Yes we probably should, we can use the performance package for this:
library(performance)
check_model(m)check_normality(m) # shapiro.test, however, visual inspection (e.g. Q-Q plots) are preferableOK: residuals appear as normally distributed (p = 0.472).
check_heteroscedasticity(m)Warning: Heteroscedasticity (non-constant error variance) detected (p < .001).
So the model runs okay but there is some issues with “error variance” there is differences in the variations between those that jump well and those that don’t. What we could do here is run a robust model instead. In a nutshell robust methods are less influenced by outlines and thus better in your situation (probably generally better to use these according to Field and Wilcox see link and reference:
Field, A. P., & Wilcox, R. R. (2017). Robust statistical methods: A primer for clinical psychology and experimental psychopathology researchers. Behaviour research and therapy, 98, 19-38.
library(robustlmm) #for robust linear models
m<-rlmer(rsi ~ 1 + condition + (1| id), data)
# Perform ANOVA
summary(m)Robust linear mixed model fit by DAStau
Formula: rsi ~ 1 + condition + (1 | id)
Data: data
Scaled residuals:
Min 1Q Median 3Q Max
-2.37961 -0.42890 -0.01068 0.58507 1.89373
Random effects:
Groups Name Variance Std.Dev.
id (Intercept) 0.08415 0.2901
Residual 0.01811 0.1346
Number of obs: 48, groups: id, 16
Fixed effects:
Estimate Std.
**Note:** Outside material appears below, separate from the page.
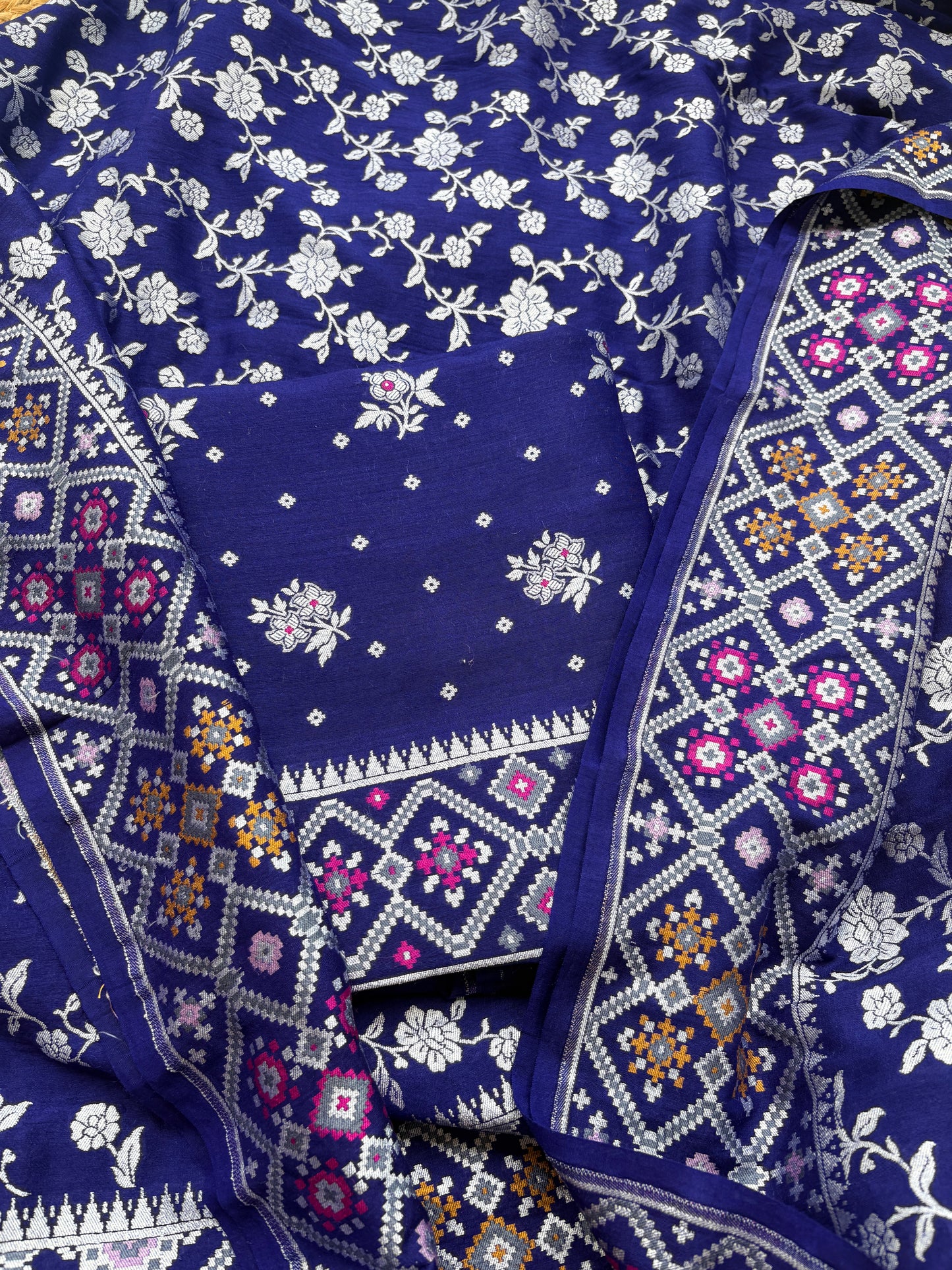 Purple blue moonga silk suit set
Error t value
(Intercept) 0.90197 0.08169 11.042
conditionLava 0.01932 0.04828 0.400
conditionWall 0.11436 0.04981 2.296
Correlation of Fixed Effects:
(Intr) cndtnL
conditionLv -0.289
conditinWll -0.286 0.484
Robustness weights for the residuals:
40 weights are ~= 1. The remaining 8 ones are
4 5 30 35 36 39 43 45
0.892 0.648 0.701 0.974 0.976 0.775 0.565 0.709
Robustness weights for the random effects:
14 weights are ~= 1. The remaining 2 ones are
7 8
0.479 0.800
Rho functions used for fitting:
Residuals:
eff: smoothed Huber (k = 1.345, s = 10)
sig: smoothed Huber, Proposal 2 (k = 1.345, s = 10)
Random Effects, variance component 1 (id):
eff: smoothed Huber (k = 1.345, s = 10)
vcp: smoothed Huber, Proposal 2 (k = 1.345, s = 10)
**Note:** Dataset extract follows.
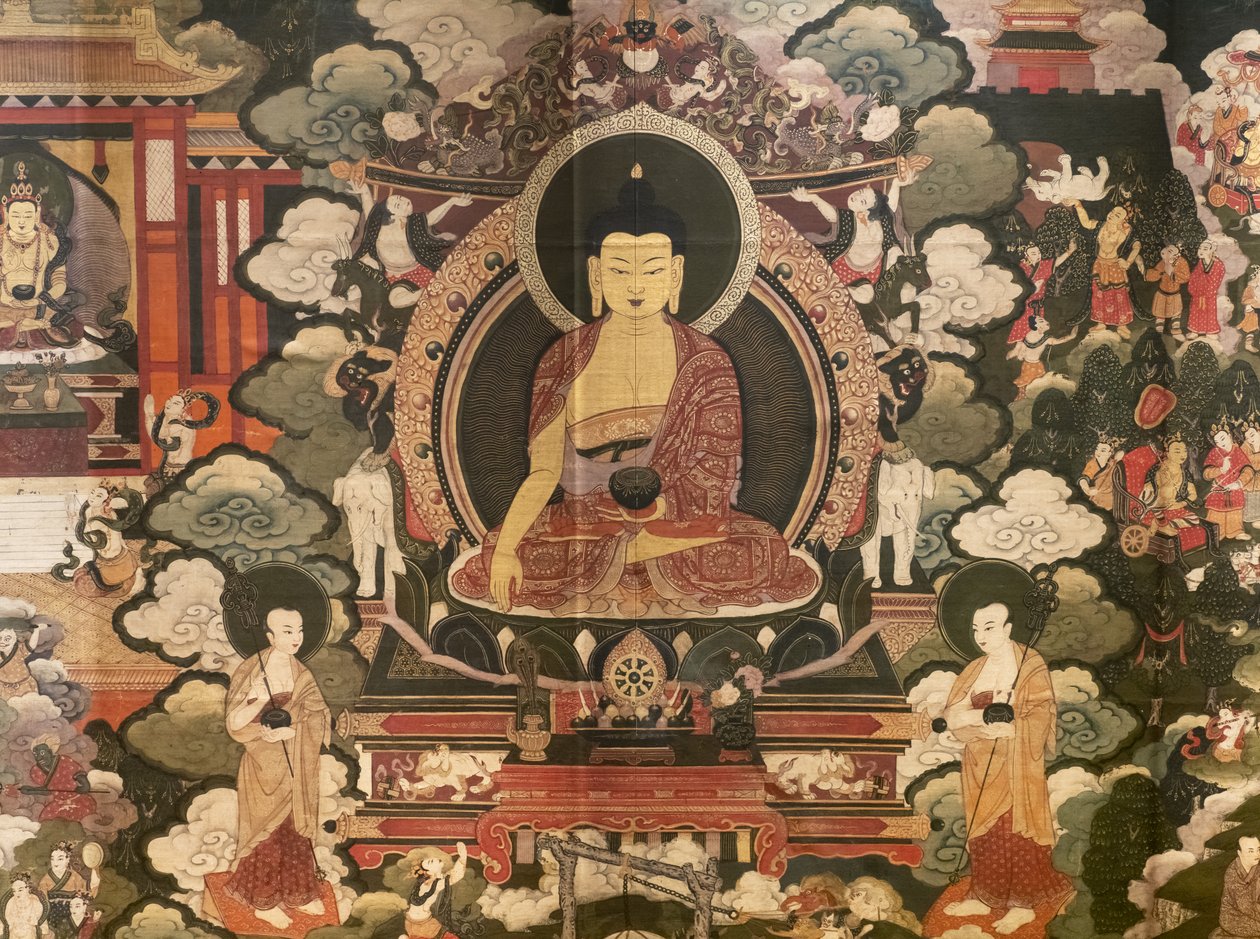 Sákjamuni Buddha életének jelenetei alkotó: Tibetan School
Notice a slight decrease in our between-participant variation now: 0.29 SDs
emm <- emmeans(m, pairwise ~ condition)
emm$emmeans
condition emmean SE df asymp.LCL asymp.UCL
Control 0.902 0.0817 Inf 0.742 1.06
Lava 0.921 0.0820 Inf 0.761 1.08
Wall 1.016 0.0826 Inf 0.854 1.18
Confidence level used: 0.95
$contrasts
contrast estimate SE df z.ratio p.value
Control - Lava -0.0193 0.0483 Inf -0.400 0.9155
Control - Wall -0.1144 0.0498 Inf -2.296 0.0564
Lava - Wall -0.0950 0.0499 Inf -1.906 0.1369
P value adjustment: tukey method for comparing a family of 3 estimates
confint(emm , level = 0.95)$emmeans
condition emmean SE df asymp.LCL asymp.UCL
Control 0.902 0.0817 Inf 0.742 1.06
Lava 0.921 0.0820 Inf 0.761 1.08
Wall 1.016 0.0826 Inf 0.854 1.18
Confidence level used: 0.95
$contrasts
contrast estimate SE df asymp.LCL asymp.UCL
Control - Lava -0.0193 0.0483 Inf -0.132 0.09383
Control - Wall -0.1144 0.0498 Inf -0.231 0.00238
Lava - Wall -0.0950 0.0499 Inf -0.212 0.02182
Confidence level used: 0.95
Conf-level adjustment: tukey method for comparing a family of 3 estimates
Here our confidence intervals are narrower and the p-values altered slightly: e.g., Control - Lava = 0.0193 (95% CI -0.132 to 0.09383, p = 0.9155. Still no significant differences but p = 0.0564 for Control versus Wall, so a little closer!
You will need to run these for all your outcome measures.